▸ TASK DIRECTIONS
Without any pictures, retype exactly the lines that begin at the one holding "24-Piece Ceramic Dinnerware" and end at the last line of the data below.

▸ DATA BELOW

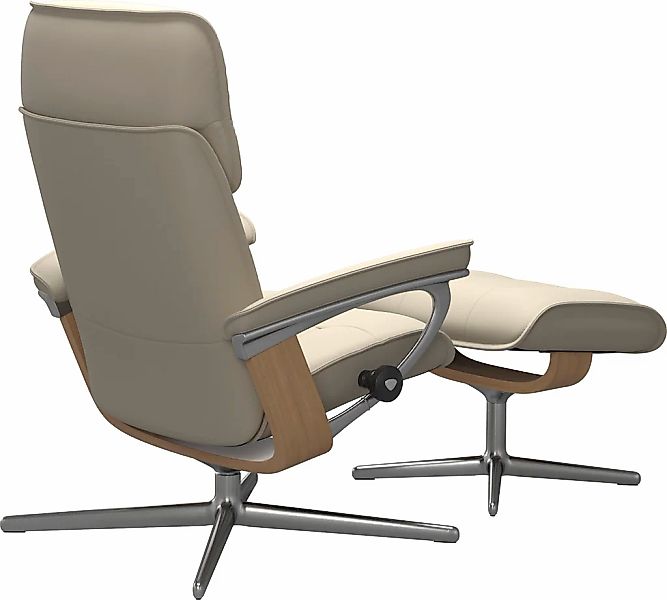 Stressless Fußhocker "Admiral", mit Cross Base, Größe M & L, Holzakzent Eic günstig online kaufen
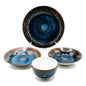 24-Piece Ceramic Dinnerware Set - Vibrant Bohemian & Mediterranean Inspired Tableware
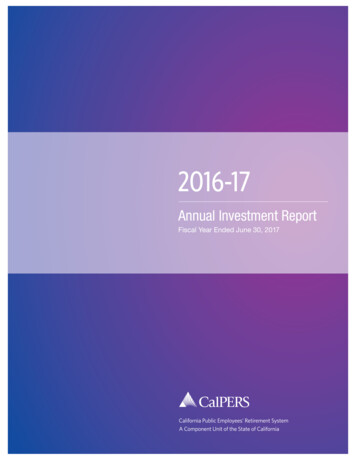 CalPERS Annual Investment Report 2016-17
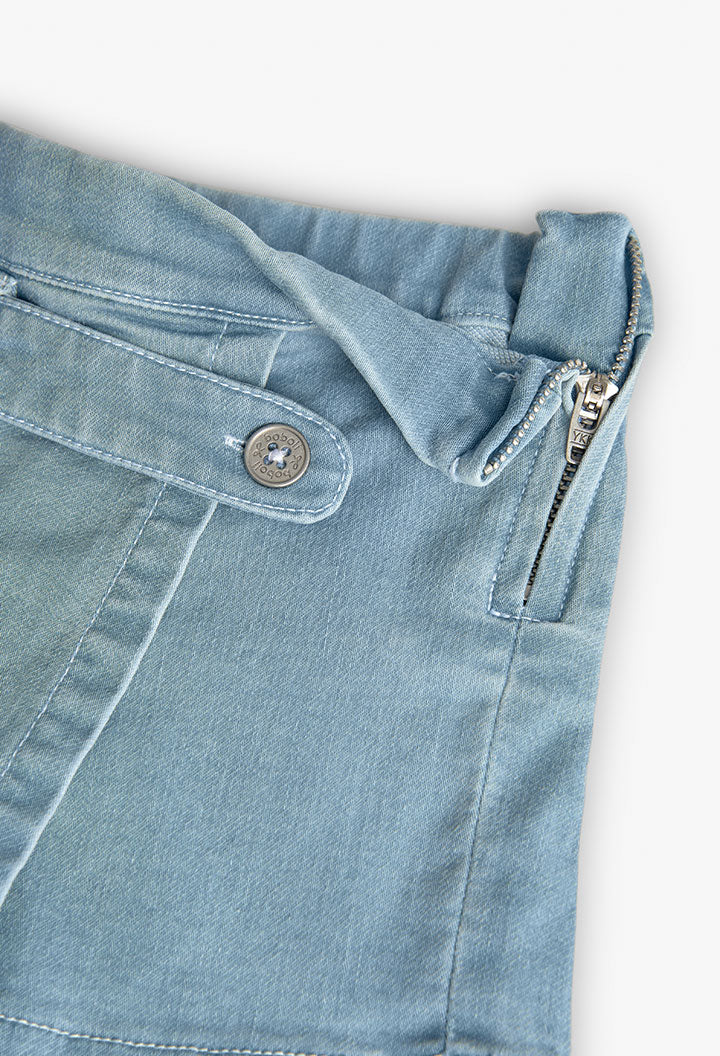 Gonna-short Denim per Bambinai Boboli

▸ ANSWER AREA
 24-Piece Ceramic Dinnerware Set - Vibrant Bohemian & Mediterranean Inspired Tableware
 CalPERS Annual Investment Report 2016-17
 Gonna-short Denim per Bambinai Boboli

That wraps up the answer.